Required work:
The lines to return are those below that contain the word "Blue".
** Opening Records for this task block **
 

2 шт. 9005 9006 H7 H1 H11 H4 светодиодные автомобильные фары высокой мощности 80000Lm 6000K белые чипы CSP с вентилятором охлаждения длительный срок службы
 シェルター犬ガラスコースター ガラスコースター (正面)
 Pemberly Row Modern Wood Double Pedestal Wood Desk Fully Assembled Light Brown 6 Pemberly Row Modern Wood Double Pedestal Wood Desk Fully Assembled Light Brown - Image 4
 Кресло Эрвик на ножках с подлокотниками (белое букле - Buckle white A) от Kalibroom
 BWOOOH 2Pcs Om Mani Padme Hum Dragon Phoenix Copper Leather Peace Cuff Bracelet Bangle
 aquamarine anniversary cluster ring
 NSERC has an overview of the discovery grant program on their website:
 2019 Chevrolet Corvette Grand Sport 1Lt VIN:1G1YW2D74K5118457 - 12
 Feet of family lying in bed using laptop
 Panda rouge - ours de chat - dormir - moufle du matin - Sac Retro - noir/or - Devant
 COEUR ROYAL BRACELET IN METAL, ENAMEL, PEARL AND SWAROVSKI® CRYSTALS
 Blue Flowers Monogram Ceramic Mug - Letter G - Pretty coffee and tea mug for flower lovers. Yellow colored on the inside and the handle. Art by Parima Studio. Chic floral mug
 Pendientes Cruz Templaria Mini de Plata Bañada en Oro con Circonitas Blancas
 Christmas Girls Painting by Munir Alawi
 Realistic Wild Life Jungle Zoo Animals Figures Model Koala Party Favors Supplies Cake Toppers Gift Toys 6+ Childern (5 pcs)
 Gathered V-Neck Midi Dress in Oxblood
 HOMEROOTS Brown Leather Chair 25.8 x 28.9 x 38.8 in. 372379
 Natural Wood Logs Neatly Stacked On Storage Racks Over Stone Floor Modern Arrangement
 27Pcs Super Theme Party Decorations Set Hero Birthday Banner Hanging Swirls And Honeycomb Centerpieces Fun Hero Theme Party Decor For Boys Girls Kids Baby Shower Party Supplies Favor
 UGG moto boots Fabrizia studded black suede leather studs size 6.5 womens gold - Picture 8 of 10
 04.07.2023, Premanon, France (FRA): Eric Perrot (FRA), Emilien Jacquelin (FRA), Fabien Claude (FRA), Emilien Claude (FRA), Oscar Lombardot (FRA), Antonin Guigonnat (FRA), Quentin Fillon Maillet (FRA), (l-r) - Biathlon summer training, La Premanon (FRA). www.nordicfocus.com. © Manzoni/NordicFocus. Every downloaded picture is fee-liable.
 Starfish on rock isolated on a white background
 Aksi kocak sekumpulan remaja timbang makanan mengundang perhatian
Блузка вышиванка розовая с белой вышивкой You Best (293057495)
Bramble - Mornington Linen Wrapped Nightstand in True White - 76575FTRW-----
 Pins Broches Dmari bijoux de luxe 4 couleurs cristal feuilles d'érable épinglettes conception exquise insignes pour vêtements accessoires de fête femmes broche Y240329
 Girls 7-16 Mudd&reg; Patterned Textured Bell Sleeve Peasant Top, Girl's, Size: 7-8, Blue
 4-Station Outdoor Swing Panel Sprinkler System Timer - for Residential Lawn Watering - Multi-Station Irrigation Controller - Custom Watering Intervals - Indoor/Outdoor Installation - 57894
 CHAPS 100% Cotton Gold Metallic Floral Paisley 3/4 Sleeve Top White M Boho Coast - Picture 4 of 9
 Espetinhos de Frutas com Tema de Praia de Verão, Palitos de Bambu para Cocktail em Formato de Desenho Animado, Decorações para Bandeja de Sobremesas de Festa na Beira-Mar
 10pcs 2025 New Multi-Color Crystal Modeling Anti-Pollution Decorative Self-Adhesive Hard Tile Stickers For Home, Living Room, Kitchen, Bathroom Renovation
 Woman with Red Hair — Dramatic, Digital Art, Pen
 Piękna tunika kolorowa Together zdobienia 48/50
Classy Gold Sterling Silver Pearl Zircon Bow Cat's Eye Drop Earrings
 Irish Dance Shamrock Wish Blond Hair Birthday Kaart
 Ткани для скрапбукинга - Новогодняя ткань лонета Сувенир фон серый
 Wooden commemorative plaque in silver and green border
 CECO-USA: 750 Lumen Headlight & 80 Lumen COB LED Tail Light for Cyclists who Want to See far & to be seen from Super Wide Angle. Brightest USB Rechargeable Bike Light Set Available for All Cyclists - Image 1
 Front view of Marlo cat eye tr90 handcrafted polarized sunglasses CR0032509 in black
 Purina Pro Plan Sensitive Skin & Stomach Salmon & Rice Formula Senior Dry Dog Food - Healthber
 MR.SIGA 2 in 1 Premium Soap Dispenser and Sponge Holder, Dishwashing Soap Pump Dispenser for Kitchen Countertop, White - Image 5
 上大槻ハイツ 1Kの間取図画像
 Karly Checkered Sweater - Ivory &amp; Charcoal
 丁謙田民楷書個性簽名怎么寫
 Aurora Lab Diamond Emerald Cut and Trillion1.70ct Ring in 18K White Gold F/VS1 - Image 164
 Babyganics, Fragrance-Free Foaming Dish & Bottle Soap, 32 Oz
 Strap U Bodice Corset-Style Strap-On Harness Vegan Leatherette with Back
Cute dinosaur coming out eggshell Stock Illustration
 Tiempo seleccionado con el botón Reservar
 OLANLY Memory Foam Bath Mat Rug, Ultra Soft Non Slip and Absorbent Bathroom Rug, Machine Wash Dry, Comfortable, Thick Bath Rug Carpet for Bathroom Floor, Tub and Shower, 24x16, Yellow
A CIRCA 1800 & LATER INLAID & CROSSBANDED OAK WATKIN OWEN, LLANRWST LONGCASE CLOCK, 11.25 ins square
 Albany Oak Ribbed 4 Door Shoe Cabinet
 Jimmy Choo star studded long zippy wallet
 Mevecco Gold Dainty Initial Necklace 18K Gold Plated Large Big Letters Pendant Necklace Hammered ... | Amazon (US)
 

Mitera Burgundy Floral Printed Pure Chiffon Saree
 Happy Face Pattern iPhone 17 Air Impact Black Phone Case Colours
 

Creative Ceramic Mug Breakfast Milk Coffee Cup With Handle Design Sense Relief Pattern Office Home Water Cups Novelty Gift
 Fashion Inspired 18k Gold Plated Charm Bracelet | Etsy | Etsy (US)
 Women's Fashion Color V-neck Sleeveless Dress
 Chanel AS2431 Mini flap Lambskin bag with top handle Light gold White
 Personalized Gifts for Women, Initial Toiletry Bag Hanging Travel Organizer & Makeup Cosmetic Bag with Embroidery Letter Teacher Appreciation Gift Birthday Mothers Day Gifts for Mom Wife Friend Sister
** Closing Records for this task block **
Answer for this exercise:
 Blue Flowers Monogram Ceramic Mug - Letter G - Pretty coffee and tea mug for flower lovers. Yellow colored on the inside and the handle. Art by Parima Studio. Chic floral mug
 Girls 7-16 Mudd&reg; Patterned Textured Bell Sleeve Peasant Top, Girl's, Size: 7-8, Blue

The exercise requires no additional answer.